We can derive a linear recurrence relation that describes the Fibonacci sequence. In particular, note that rabbits never die. Thus, at time point $n$, all rabbits from time point $n - 1$ carry over. Additionally, we know that every fertile rabbit pair will produce a new rabbit pair. However, they have to wait one month, so that the amount of fertile rabbits equals the amount of rabbits at time point $n - 2$. Resultingly, the Fibonacci sequence {$F_n$}$_{n=1}^{\infty}$ is:
\[F_n = F_{n-1} + F_{n-2} \enspace ,\]for $n \geq 3$ and $F_1 = F_2 = 1$. Before we derive a closed-form expression that computes the $n^{th}$ Fibonacci number directly, in the next section, we play around with alternative, more straightforward solutions in R.
We can write a wholly inefficient, but beautiful program to compute the $n^{th}$ Fibonacci number:
R takes roughly 5 seconds to compute the $30^{\text{th}}$ Fibonacci number; computing the $40^{\text{th}}$ number exhausts my patience.

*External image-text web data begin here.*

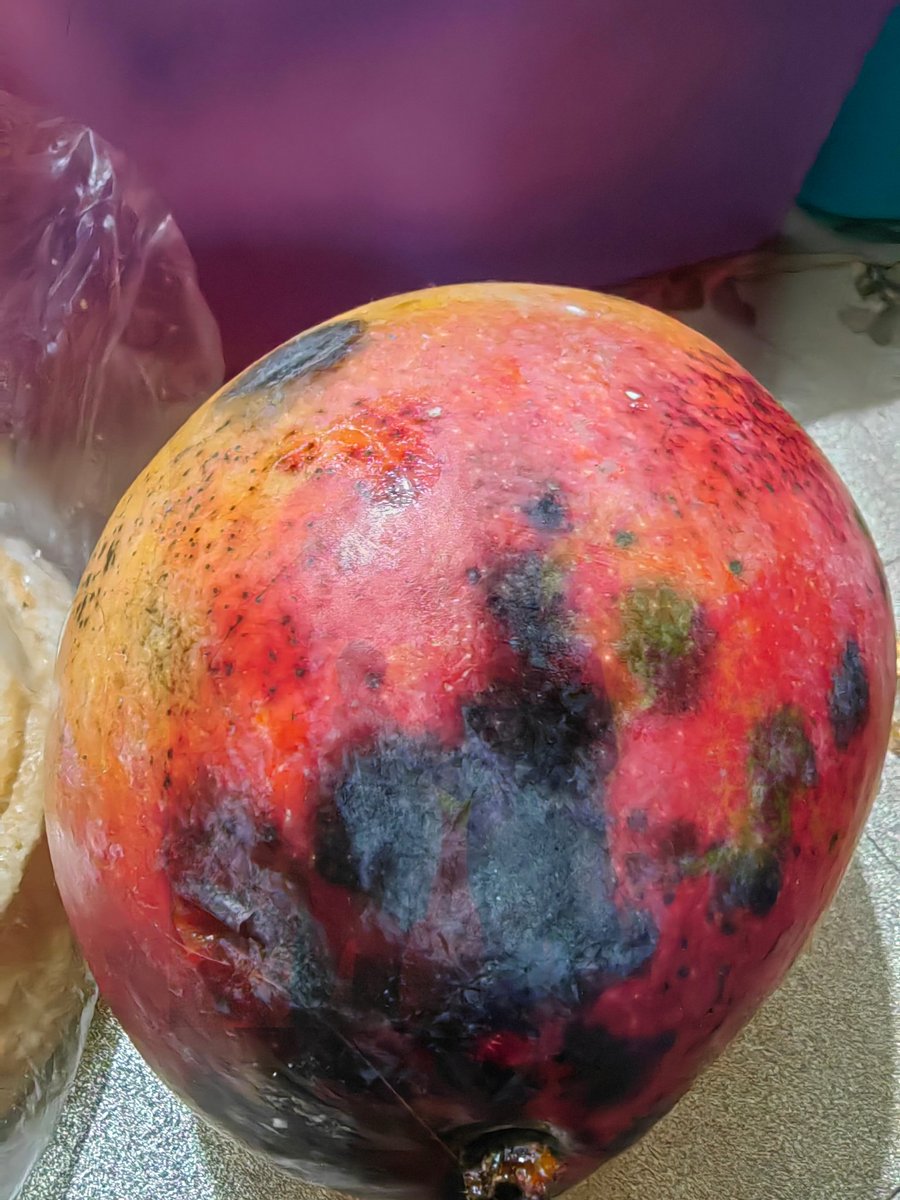 why does it look like my mango has the Clancy album cover on it???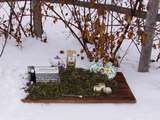 Garten im Schnee.jpg © Gudrun Dürnberger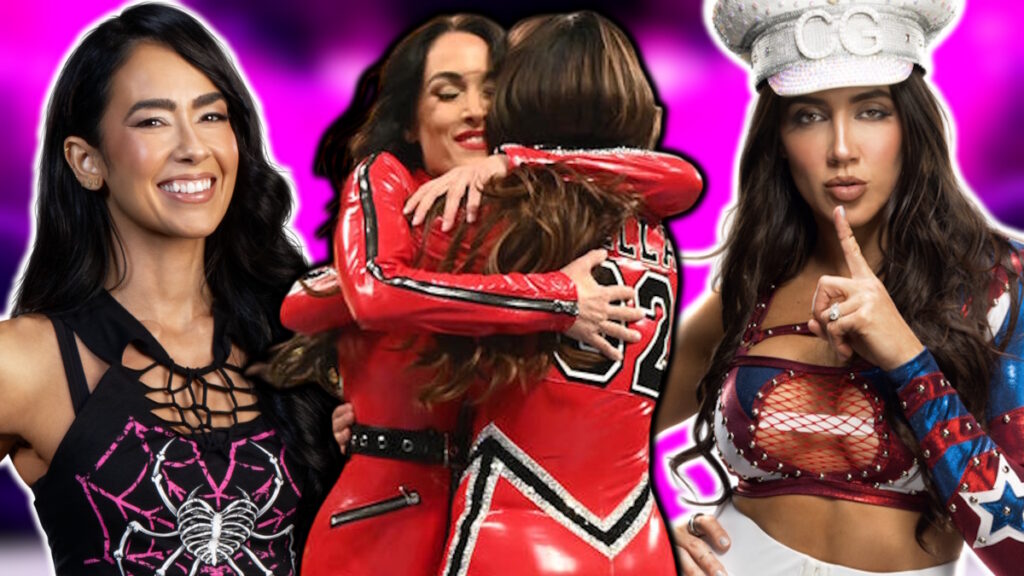 WWE stars AJ Lee, The Bella Twins and Chelsea Green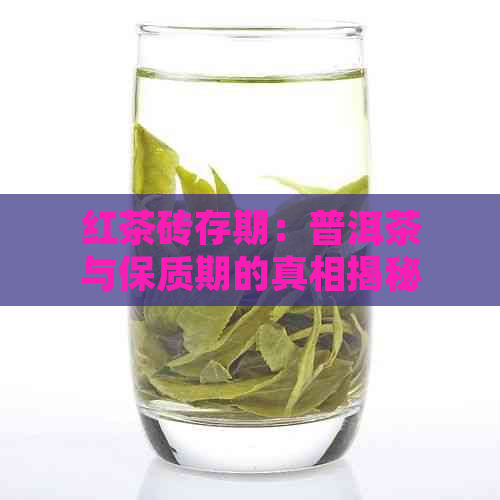 红茶砖存期：普洱茶与保质期的真相揭秘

This recursive solution is not particularly efficient because R executes the function an unnecessary amount of times. For example, the call tree for fib(5) is:
which shows that fib(2) was called three times. This is not necessary, as we can store the outcome of this function call instead of recomputing it every time. This technique is called memoization (see also the R package memoise). Implementing this leads to:
This computes the $1000^{th}$ Fibonacci in a tenth of a second. We can, of course, write this sequentially, and also store all intermediate Fibonacci numbers. This also avoids memory issues brought about by the recursive implementation. Interestingly, although this algorithm seems like it should be $O(n)$, it is actually $O(n^2)$ since we are adding increasingly large numbers (for more on this, see here).
The first 30 Fibonacci numbers are: 1, 1, 2, 3, 5, 8, 13, 21, 34, 55, 89, 144, 233, 377, 610, 987, 1597, 2584, 4181, 6765, 10946, 17711, 28657, 46368, 75025, 121393, 196418, 317811, 514229, 832040.

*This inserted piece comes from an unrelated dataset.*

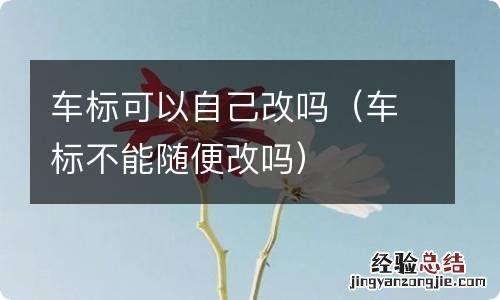 车标不能随便改吗 车标可以自己改吗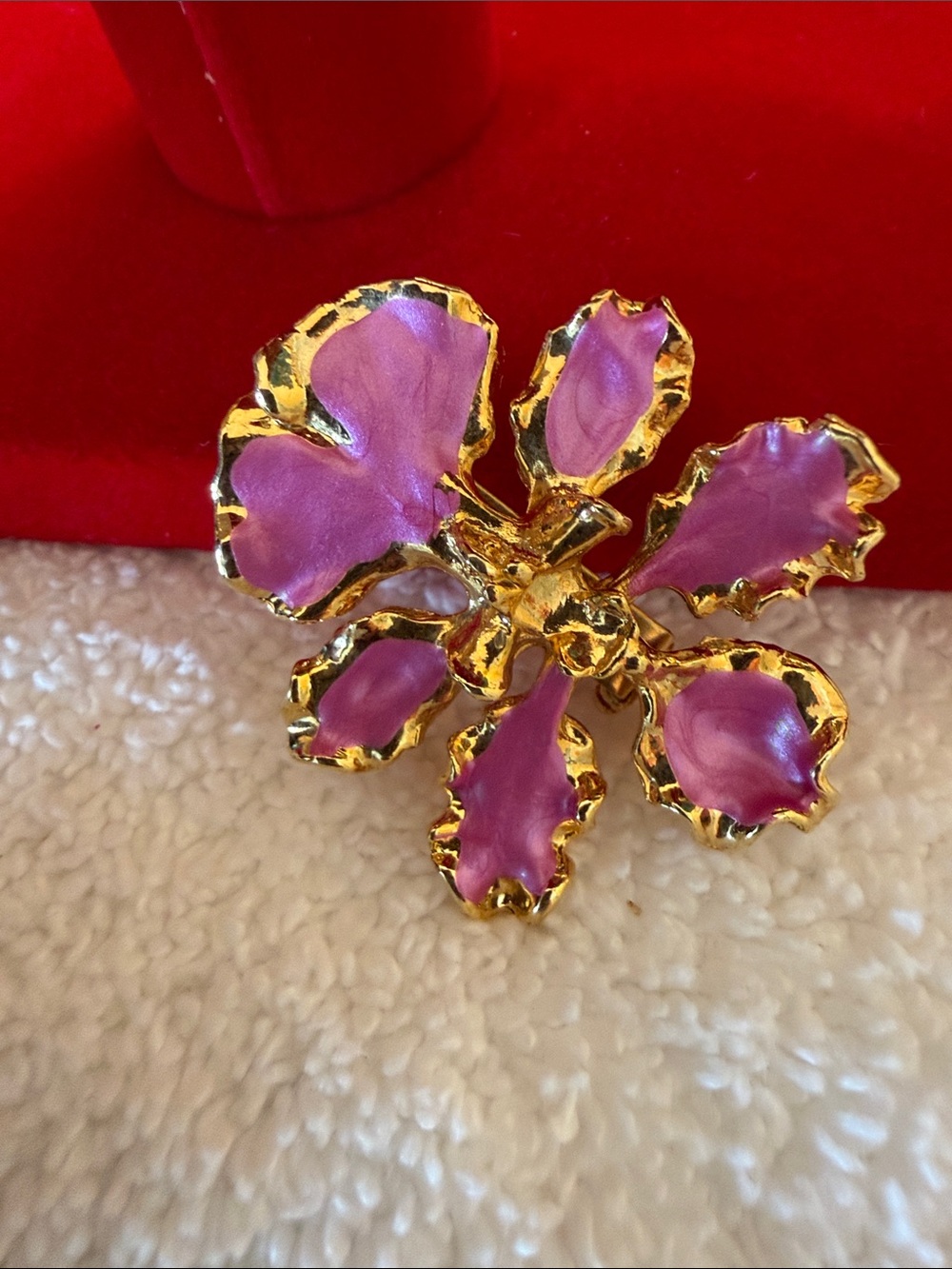 Come dig with me.  Unlisted gorgeousness in every price range. - Picture 17 of 17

This is a rapid increase, as made apparent by the left Figure below. The Figure on the right shows that there is structure in how the sequence grows.

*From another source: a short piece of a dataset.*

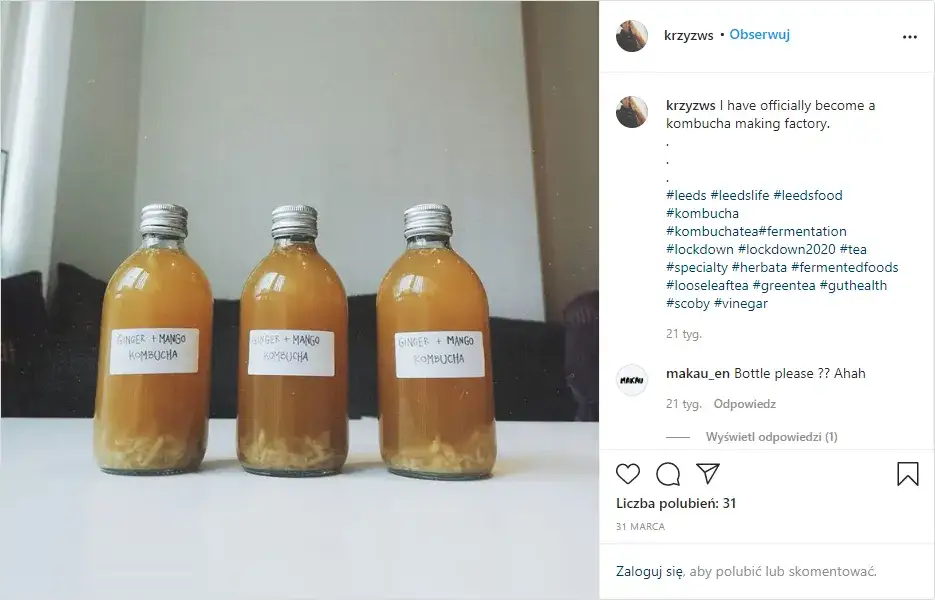 domowa produkcja kombuchy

We will return to the structure in growth at the end of the blog post. First, we need to derive a closed-form expression of the $n^{th}$ Fibonacci number. In the next section, we take a step towards that by realizing that diagonal matrices make for easier computations.
Our goal is to get a closed form expression of the $n^{th}$ Fibonacci number. The first thing to note is that, due to linear recursion, we can view the Fibonacci numbers as applying a linear map. In particular, define $T \in \mathcal{L}(\mathbb{R}^2)$ by:
\[T(x, y) = (y, x + y) \enspace .\]We note that:
\[T^n(0, 1) = (F_n, F_{n+1}) \enspace ,\]which we will prove by induction. In particular, note that the base case $n = 1$:
\[T^1(0, 1) = (1, 0 + 1) = (1, 1) = (F_1, F_2) \enspace ,\]does in fact give the first two Fibonacci numbers. Now for the induction step: we assume that this holds for an arbitrary $n$, and we show that it holds for $n + 1$ using the following:
\[\begin{aligned} T^n(0, 1) &= (F_n, F_{n+1}) \\[1em] T(T^n(0, 1)) &= T(F_n, F_{n+1}) \\[1em] T^{n+1}(0, 1) &= (F_{n+1}, F_n + F_{n+1}) \\[1em] T^{n+1}(0, 1) &= (F_{n+1}, F_{n+2}) \enspace . \end{aligned}\]The last equality follows from the definition of the Fibonacci sequence, i.e., the fact that any number is equal to the sum of the previous two numbers. The matrix of this linear map with respect to the standard basis is given by:
\[A \equiv \mathcal{M}(T) = \begin{pmatrix} 0 & 1 \\ 1 & 1\end{pmatrix} \enspace ,\]since $T(1, 0) = (0, 1)$ and $T(0, 1) = (1, 1)$. Observe that:
\[\begin{pmatrix} 0 & 1 \\ 1 & 1\end{pmatrix} \begin{pmatrix} x \\ y \end{pmatrix} = \begin{pmatrix} y \\ x + y \end{pmatrix} \enspace .\]In the sequential R code for computing the Fibonacci numbers, we have applied the linear map $n$ times, which gave us the Fibonacci number we were interested in. We can write this in matrix form:
\[\begin{pmatrix} 0 & 1 \\ 1 & 1\end{pmatrix}^n \begin{pmatrix} 0 \\ 1 \end{pmatrix} = \begin{pmatrix} F_n \\ F_{n+1} \end{pmatrix} \enspace .\]If you were to compute, say, the $3^{th}$ Fibonacci number using this equation, you would have to multiply $A$ three times with itself. Now assume you had something like:
\[\begin{pmatrix} \lambda_1 & 0 \\ 0 & \lambda_2 \end{pmatrix}^n \begin{pmatrix} 0 \\ 1 \end{pmatrix} = \begin{pmatrix} F_n \\ F_{n+1} \end{pmatrix} \enspace .\]Using the above equation, the matrix powers would become trivial:
\[\begin{pmatrix} \lambda_1 & 0 \\ 0 & \lambda_2 \end{pmatrix}^n = \begin{pmatrix} \lambda_1^n & 0 \\ 0 & \lambda_2^n \end{pmatrix} \enspace .\]There would be no need to repeatedly engage in matrix multiplication; instead, we would arrive at the $n^{th}$ Fibonacci number using only scalar multiplication! Our task is thus as follows: find a new matrix for the linear map which is diagonal. To solve this, we will need eigenvalues and eigenvectors.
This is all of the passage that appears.